Deux exemples étayeront mon propos.

Premièrement, la création d’une mobilité volontaire sécurisée est en parfaite symbiose avec notre ère mondialisée, où le vécu d’expériences diverses et extérieures à notre pays, la capacité d’adaptation et d’intégration ainsi que la polyvalence sont prisés et valorisés.

Cette possibilité offerte à un salarié de bénéficier d’une mobilité externe, après accord avec son employeur, doit favoriser la diversification de son parcours, sur une base volontaire, avec la garantie qu’il retrouvera, de plein droit, son précédent emploi ou un emploi similaire s’il le souhaite.

L’idée sous-jacente est de favoriser l’accomplissement et l’épanouissement personnels du salarié par le truchement d’une mobilité de plus en plus recherchée et, par là même, de mettre à mal un excessif cloisonnement des activités qui enferme les individus dans des filières sans passerelles.

Cette pensée, où la vie de l’homme, professionnelle en l’espèce, loin d’être figée, est en constant mouvement au creux de ses mains, incarne l’esprit libéral, voire libertaire, qui caractérise notre époque et, en particulier, les plus jeunes générations.

D’ailleurs, les dispositions de l’article 10 portant sur la mobilité interne négociée entrent dans cette perspective et témoignent de la volonté croissante de l’homme de rester maître de son destin en ne se voyant pas imposer une mobilité qui entraverait la conciliation toujours délicate entre vie professionnelle et vie personnelle.
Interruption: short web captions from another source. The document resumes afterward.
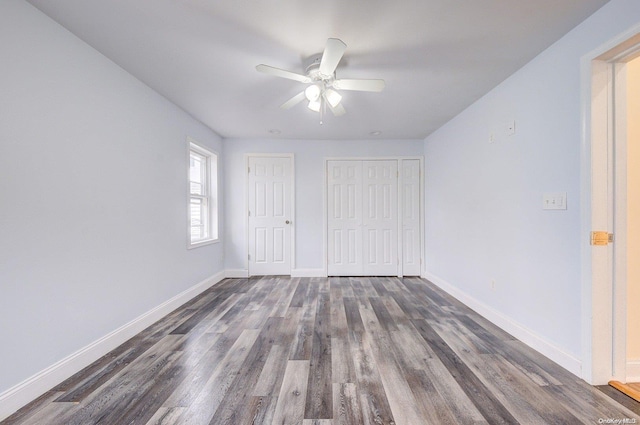 unfurnished bedroom featuring ceiling fan and dark wood-type flooring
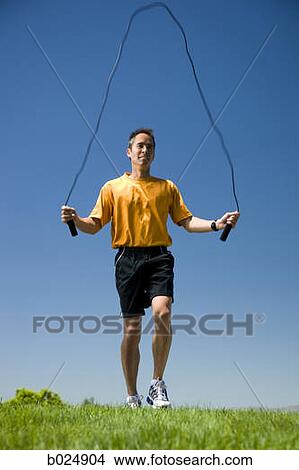 Picture - man jumping rope. Fotosearch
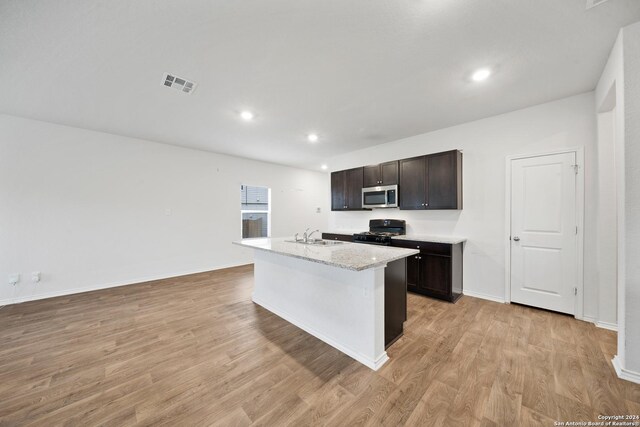 kitchen featuring light hardwood / wood-style flooring, an island with sink, gas stove, light stone counters, and dark brown cabinetry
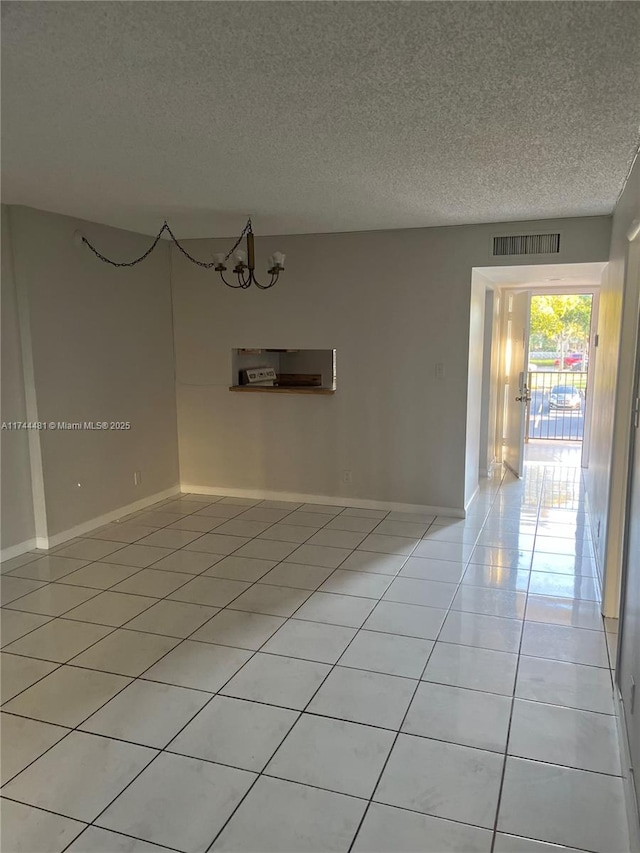 spare room featuring light tile patterned floors and a textured ceiling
En tant que législateur, nous devrons veiller à ce que cette mobilité interne soit toujours négociée et soit toujours un choix éclairé et non subi.

En outre, modernité et progrès apparaissent au cœur de ce texte législatif à travers l’émergence d’une gouvernance partagée entre salariés et dirigeants ; encore à ses prémices, elle est néanmoins le reflet de la tendance à la mise en œuvre de mécanismes décisionnels horizontaux.

Ainsi, les comités d’entreprise pourront désormais consulter les orientations stratégiques de l’entreprise et évaluer leurs conséquences, notamment sur l’activité et l’emploi. Ils disposeront d’une nouvelle prérogative qui leur permettra de proposer des solutions alternatives à la direction de l’entreprise, qui aura l’obligation de leur répondre. Autrement dit, un véritable dialogue entre salariés et patrons sur l’évolution de leur bien commun se nouera.

De manière analogue, les comités d’entreprise disposeront d’un pouvoir de contrôle sur l’utilisation des sommes perçues au titre du crédit d’impôt pour la compétitivité et l’emploi, le CICE.